The task: Everything from the line containing "Cute Rainbow Trees" to the last line of the material below must be retyped exactly, both ends included; skip the pictures.

Data provided:
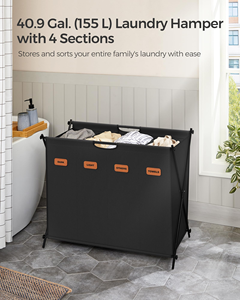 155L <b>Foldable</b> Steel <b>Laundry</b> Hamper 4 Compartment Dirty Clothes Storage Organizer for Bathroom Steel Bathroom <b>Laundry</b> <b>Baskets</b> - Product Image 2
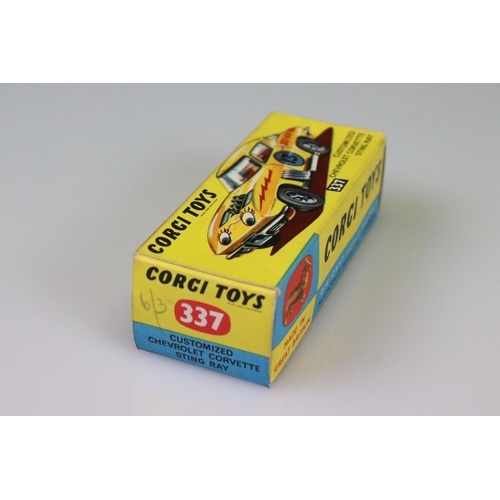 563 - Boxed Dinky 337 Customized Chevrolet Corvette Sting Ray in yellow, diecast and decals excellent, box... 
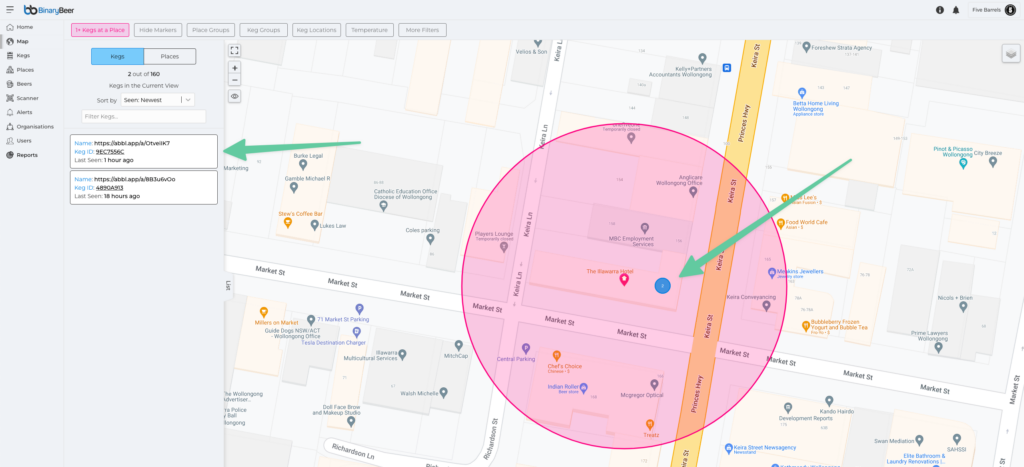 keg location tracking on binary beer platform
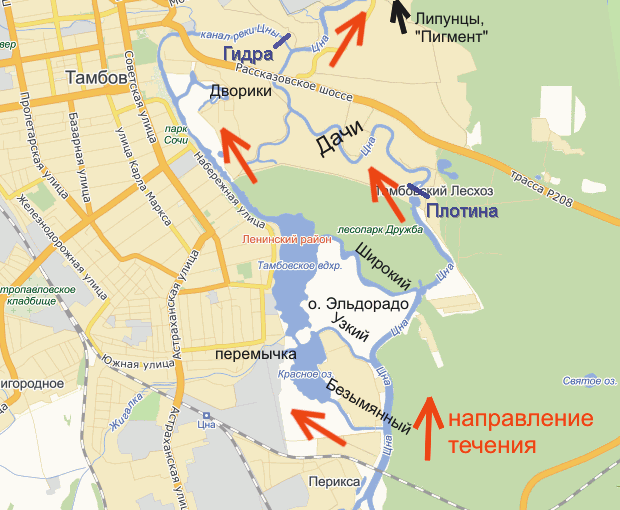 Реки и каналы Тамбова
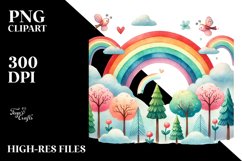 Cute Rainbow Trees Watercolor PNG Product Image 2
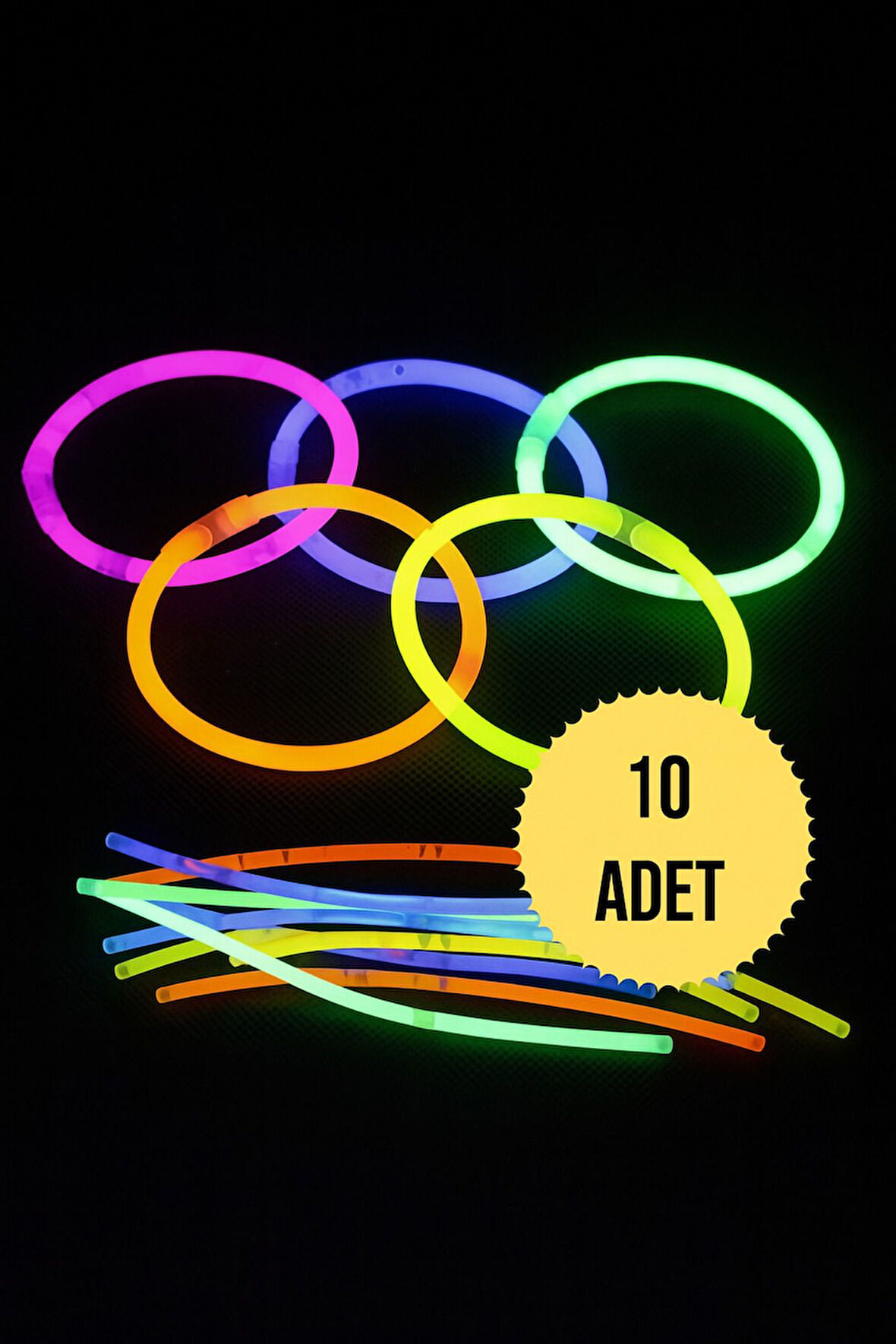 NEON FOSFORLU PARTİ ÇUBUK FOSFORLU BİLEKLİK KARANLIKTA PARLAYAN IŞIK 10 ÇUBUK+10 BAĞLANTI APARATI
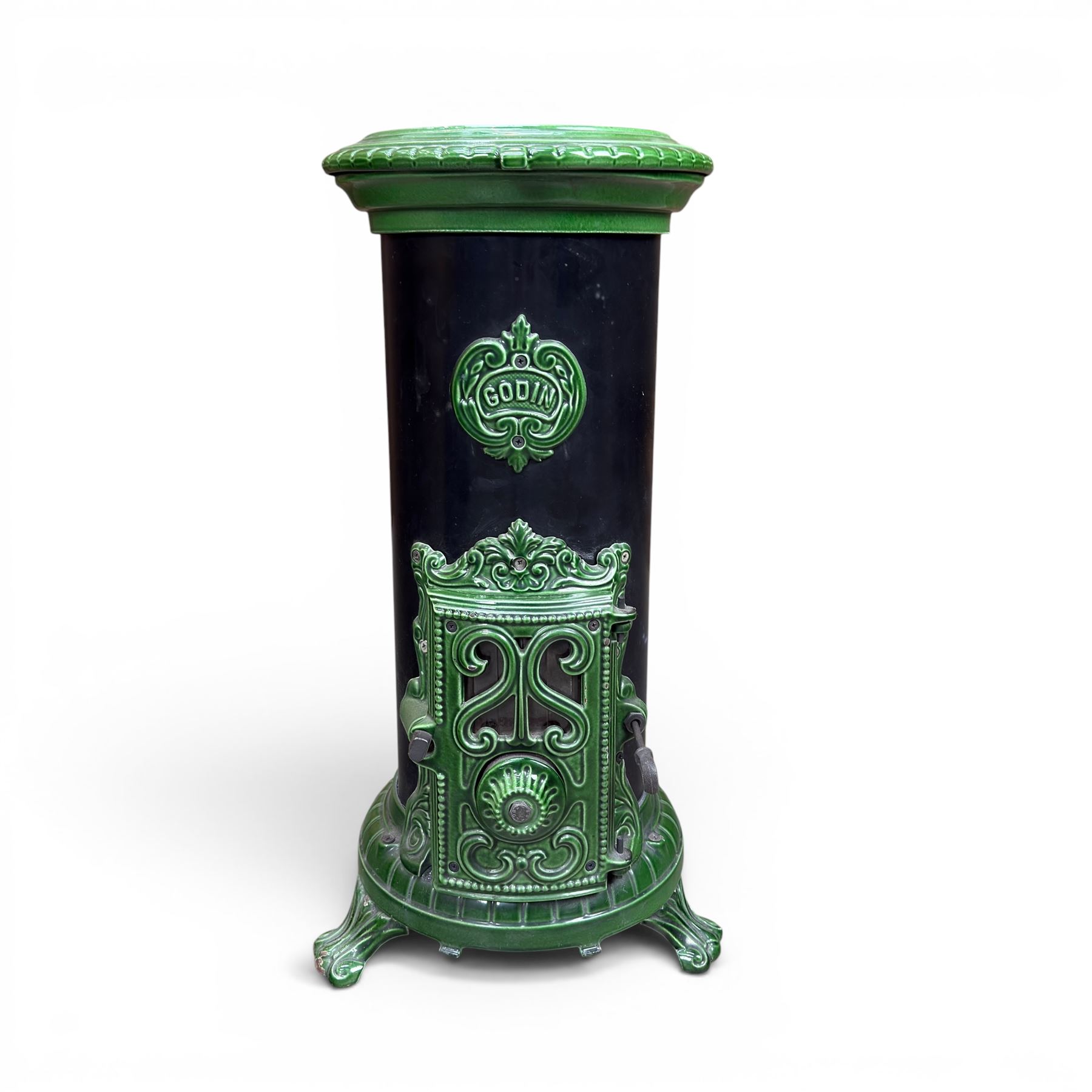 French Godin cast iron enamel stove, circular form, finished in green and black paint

Finished task:
 Cute Rainbow Trees Watercolor PNG Product Image 2
 NEON FOSFORLU PARTİ ÇUBUK FOSFORLU BİLEKLİK KARANLIKTA PARLAYAN IŞIK 10 ÇUBUK+10 BAĞLANTI APARATI
 French Godin cast iron enamel stove, circular form, finished in green and black paint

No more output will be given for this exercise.